Inference and crop size


I tried looking information on this online, but couldn’t find anything.
How does a computer vision model inference work when the crop size is smaller than the image size?
For example, let’s say that I have a model with a crop size of (640,640) but the data I use to train, and eventually infer the model is full HD images.
I couldn’t find a strides setting for inference. Does this mean that the model will run 6 times to infer the image?
I’m trying to understand if increasing the crop size to (540,960) would actually speed up my inference process since it will only have to run 4 times instead of 6.

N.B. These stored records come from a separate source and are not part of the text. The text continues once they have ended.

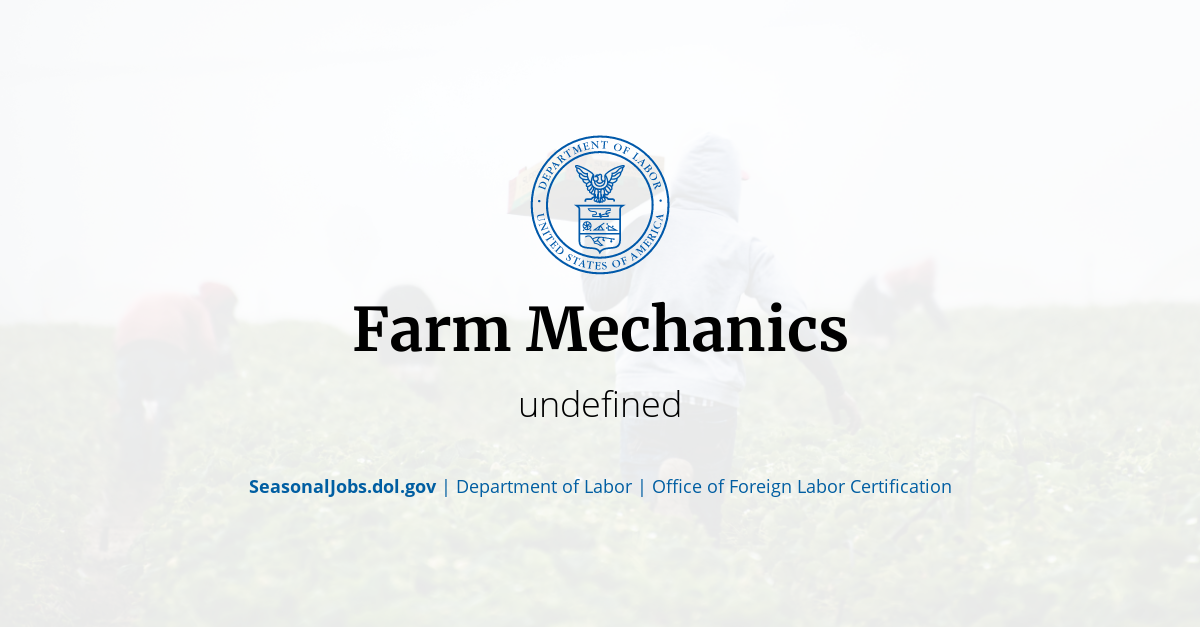 Farm Mechanics SeasonalJobs.dol.gov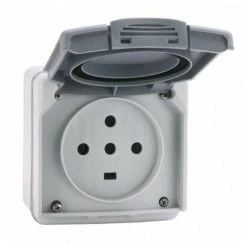 Legrand - Prise 3P+T+N étanche 20A Plexo Complet IP55 Saillie - Gris- Réf : 091657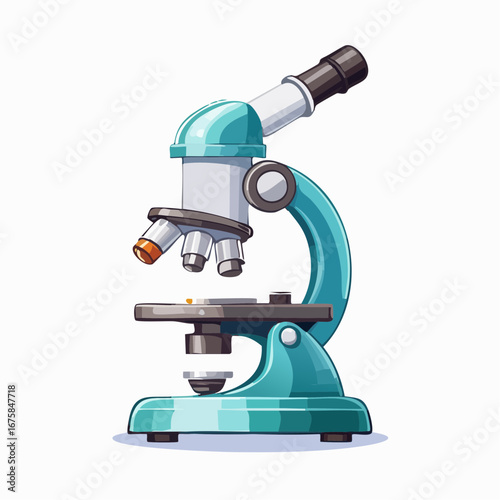 A vibrant cartoon illustration of a laboratory microscope, a symbol of science, research, and discovery, isolated on a white background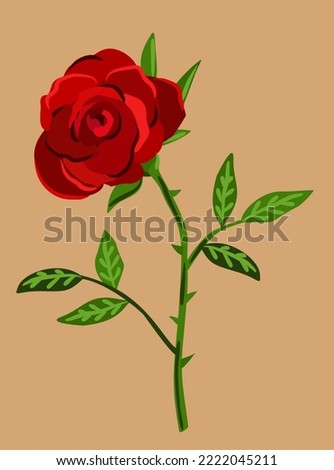 Red rose with thorns and leaves. Vector vintage illustration on beige background.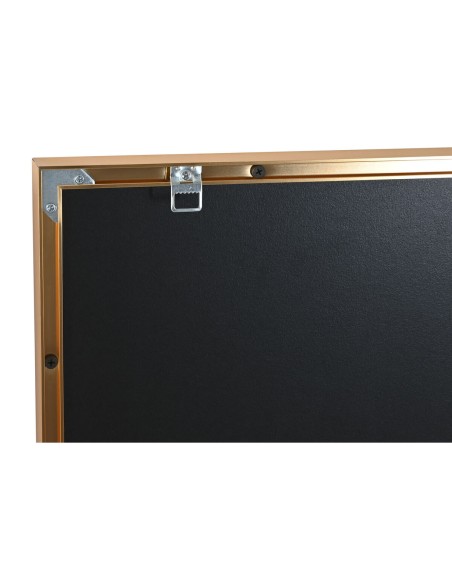 Cadre Home ESPRIT Blanc Noir Doré Fleurs 80 x 3,5 x 80 cm (2 Unités)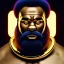 Placeholder: pixar style full body shot of Clubber Lang, thick gold chains around neck, photorealistic face, fluffy beard, wearing boxing gloves, highly detailed, badass, pity the fool, 8k, post-processing, epic composition, sharp focus, unreal engine, octane render, eiichiro oda, ilya kuvshinov, Dorina Costras, frank miller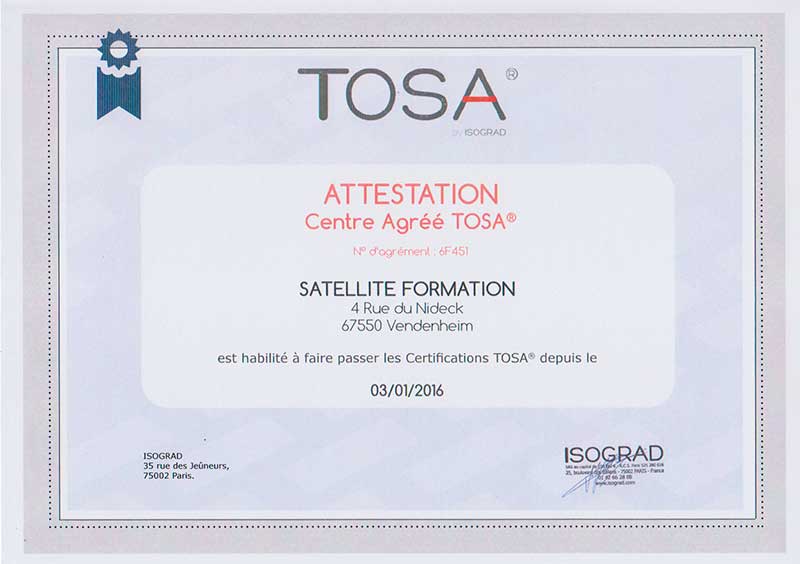 Satellite Formation est centre agréé Tosa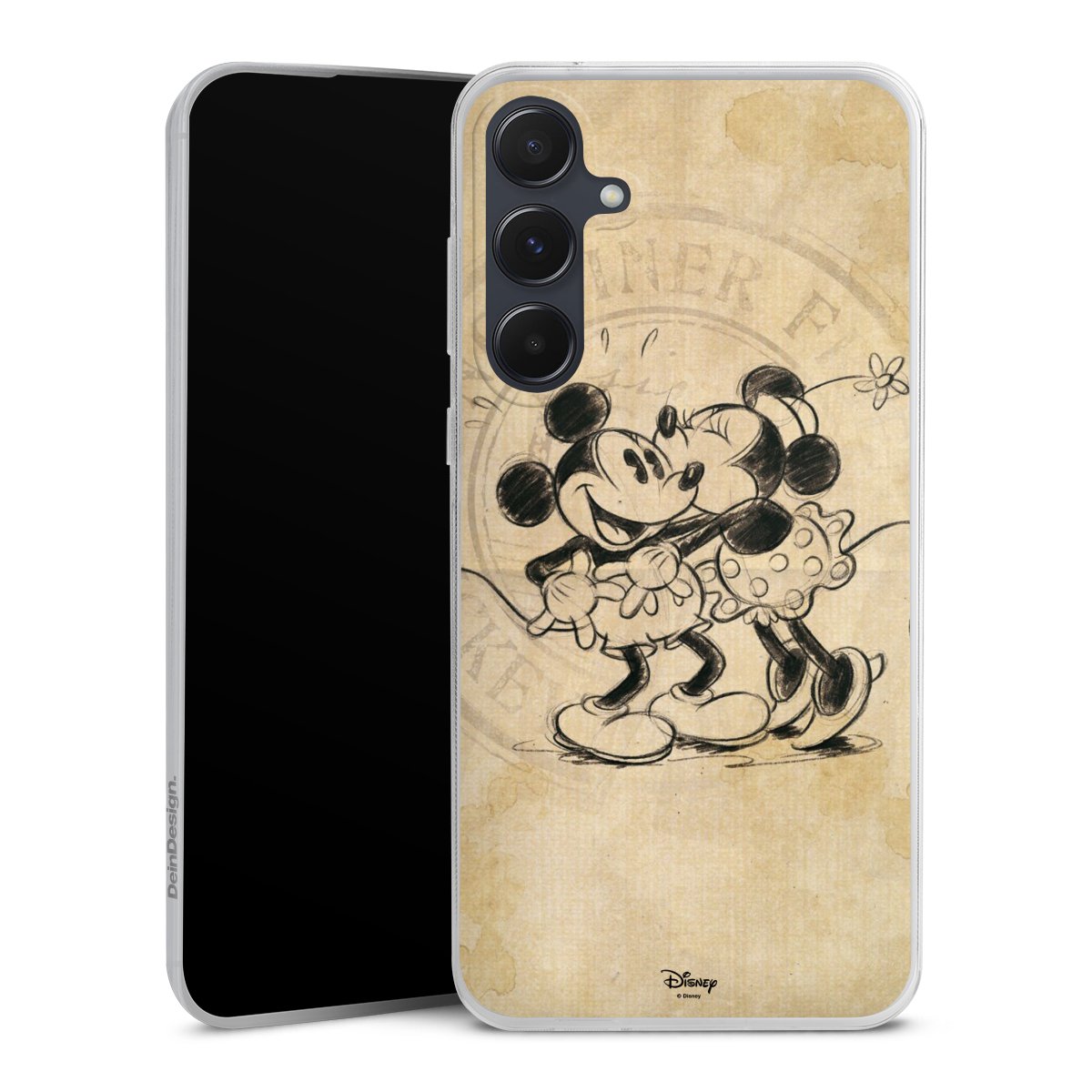 Galaxy A55 5G Handy Slim Case extra dünn Silikon Handyhülle transparent Hülle Mickey Mouse Vintage Minnie Mouse Silikon Slim Case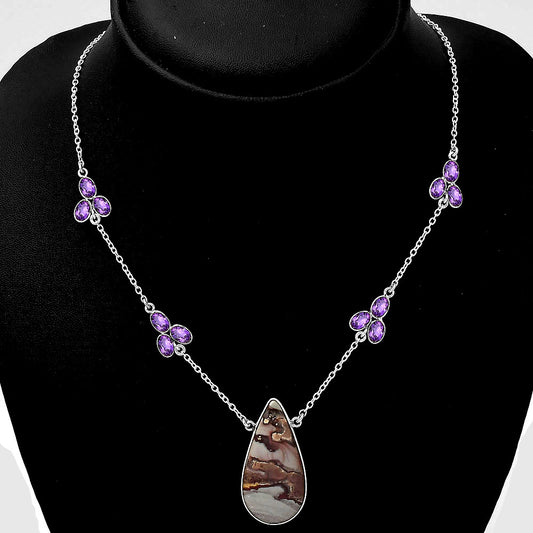 Natural Coffee Bean Jasper & Amethyst Necklace N-1004 SDN1415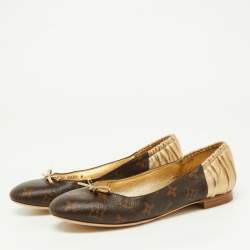 Pre Owned Louis Vuitton Gold/Brown Leather and Monogram Canvas Joy Ballet Flats Size 38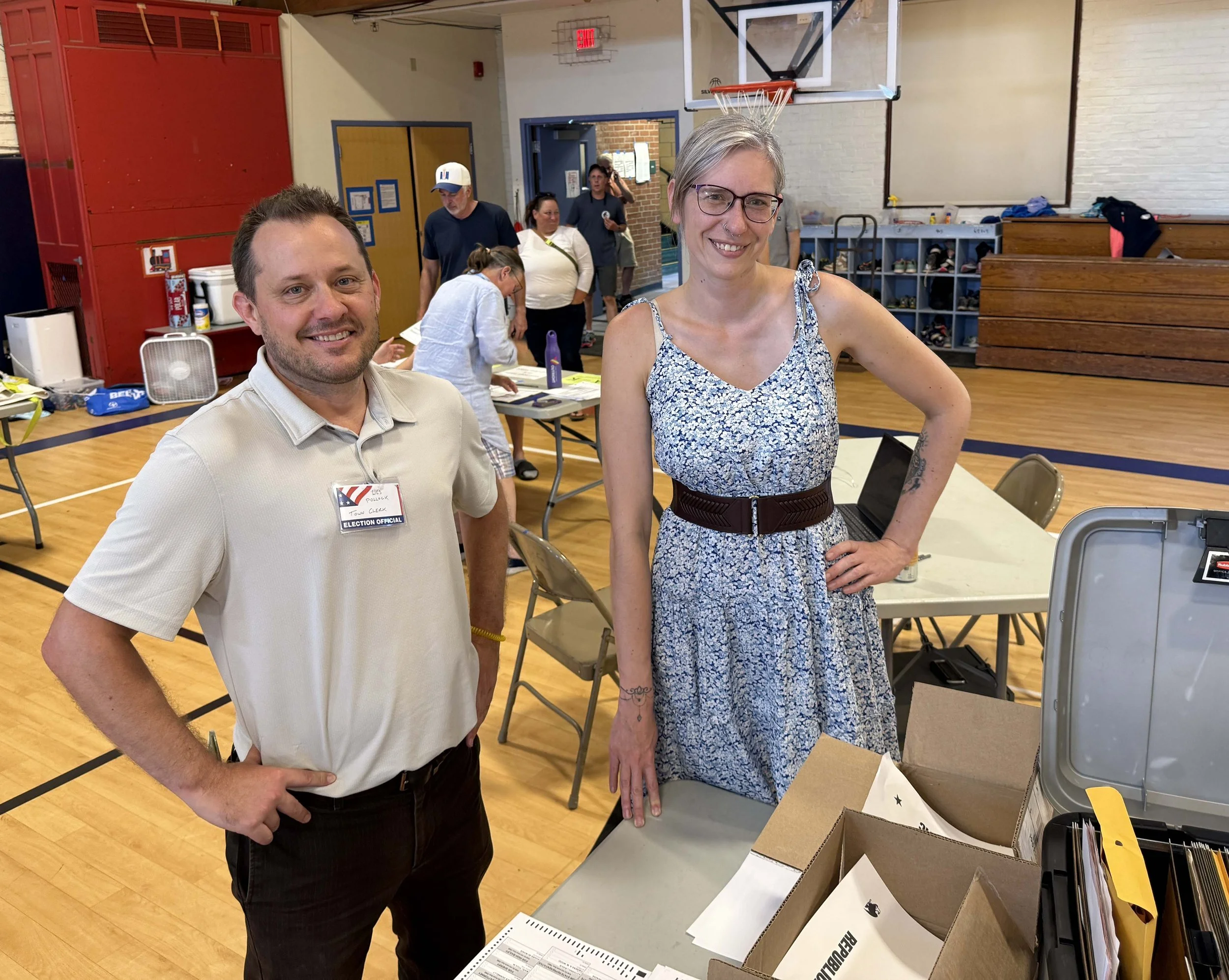   Waterbury's new Town Clerk Wesley Pollock and Assistant Town Clerk Myria McNally work their first election. Photo by Gordon Miller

I’ll appreciate your thoughts

Hi fabiansc,

I just happened to run into your post. In case you are still wondering, maybe this post helps?

Hi @reinoudbosch !
Thanks for your response! I’m not exactly sure it does. I’m still trying to figure out what’s the smartest way to go about how to choose the right crop size (input layer of a FCN, if you will) for a fixed image size.
At some point I’ll do an ‘academic’ research and test how the crop size dimensions impact the model running speed.

Ah, if I now understand correctly, you don’t want to decrease the resolution of the original image to fit the model. Of couse, an alternative would be to increase the size of the input layer. I guess it depends on the environment you want to train and run the model in. In that case, experimenting may be the way to go.

As an added point, it may also be interesting to look into vision transformers.

Hi @reinoudbosch,

What I’m trying to do is to get the best bang for buck :slight_smile:
I’m working on something that has to be almost “pixel accurate” which means I need a heavy model.
Now given that, I’m trying to optimize the crop size so that I get a model that is as accurate as possible while not requiring 20x A100 GPUs to run inference in realtime :slight_smile: If I can cut it down by 30-50% just out of games with the batch size, that would be amazing

Ok, I think I now get the issue. I am not an expert on this, but maybe this article can give you some ideas? It points towards lightweight scanner networks and vision transformers. Unfortunately, I guess this is the best I can suggest for now.